The steel factory technician who moved to Evergrande properties | Opinion

by time news

2024-02-04 04:40:00

Hui Ka Yan, founder and president of Evergrande.jose manuel esteban

The fate of the bankrupt Chinese real estate Evergrande and its founder, Hui Ka Yan (Zhoukou, 1958), is cast. As always when a businessman from that country falls from grace, his fate does not look too good. On Monday, a Hong Kong court finally issued the order to liquidate it, after a year and a half of judicial proceedings and a total of two and a half years of crisis. In March of last year, the firm had presented a proposal to restructure its $300 billion in debts, including $20 billion abroad; but it was not approved. Furthermore, since September, Hui has been under police surveillance.

The founder is the largest shareholder, with around 60% of the capital. His fortune reached $36 billion in 2019, according to Forbes. The pandemic took its toll on the business, but when it was recovering, in 2021, the group’s liquidity problems began. Now, his assets are estimated at 3.1 billion, coming from the dividends paid by Evergrande over the years.

Hui’s wife, Ding Yumei – with whom he has two children – no longer appears as such in the latest real estate company documents, so it is deduced that they have divorced, as have other directors and directors of their respective wives. , with the idea of ​​protecting his wealth from the Chinese authorities.
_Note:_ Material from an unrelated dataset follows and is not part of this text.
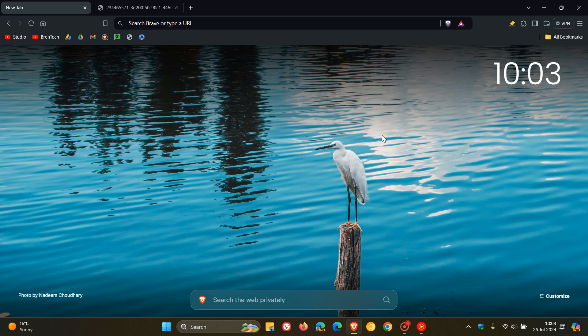So guys, that's more or less what's new in Brave version 1.68 with Chromium 127, which, as mentioned, rolled out late yesterday in my region on the 24th of July. So thanks for watching, and I'll see you in the next one.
The businessman was born in the village of Jutaigang, in Henan province, in the center of the country. His father was a retired soldier who participated in the Second Sino-Japanese War in the 1930s and 1940s. After the communist state was established, he became a warehouseman. Hui’s mother died of septicemia when he was 8 months old, so he was raised by his paternal grandmother.

After high school, he worked in a cement products factory, where he was the head of the production team. He took the university entrance examination in 1978, and was admitted to the Wuhan Institute of Iron and Steel (now Wuhan University of Science and Technology), where he served as commissar in charge of hygiene for his class. .

Recently graduated in 1982, he was assigned as a technician to the heat treatment workshop of the Wuyang Iron and Steel Company; A year later he was already deputy director, and in 1985, director, a position he held for seven years. He resigned and moved to Shenzhen, the newly founded special economic zone in Guangdong province in the southeast of the country. There, and in the area’s capital, Guangzhou, he worked for the Zhongda group, dedicated to commodity trading, industry and real estate, as well as investment.

In 1996 he left the company, and a year later, during a period of widespread urbanization in China, he founded the Evergrande group (first called Hongda), also becoming its president. The firm went public in Hong Kong in 2009, where it raised the equivalent of US$722 million. In subsequent years, it would also sell about $5.5 billion in investment products, the proceeds of which would go to other group projects.

In 2008, Hui became a member of the National Committee of the Chinese People’s Political Consultative Conference.

(CPPCC), China’s highest political advisory body. He was promoted to the Standing Committee of the CPPCC National Committee in 2013, and he has actively participated in the conventions since then. He attended the centenary of the Chinese Communist Party in 2021, but then they stopped inviting him.

During the pandemic, the Government tightened leverage regulations, which contributed to Evergrande’s liquidity and default problems beginning in the summer of 2021, as well as falls on the stock market.

In March 2022, Fitch declares it insolvent. The company announced that it would negotiate a restructuring plan with its creditors abroad, which it would end up presenting a year later. But before the vote is taken, last fall, the police arrest several employees of the group. Hui has been under surveillance since September.

Talks to restructure the liabilities continue, but bondholders oppose the company’s proposal. On January 8, the group’s electric vehicle subsidiary announces that its vice president, Liu Yongzhuo, has been arrested. Finally, last Monday, a Hong Kong court ordered the liquidation.

Evergrande still has $240 billion in assets, but most of it has already been seized by local governments and lenders to protect local buyers. Contractors and suppliers have filed more than 500 lawsuits over late payments. The cross-border nature of the process can generate complications and last years. Hui can sit and wait.

Other projects

Hui Ka Yan is the owner of Guangzhou Evergrande soccer team, now in the second category, but which has won several national and international titles in the past decade.

In 2019, Hui announced a $6.4 billion investment in an electric car subsidiary.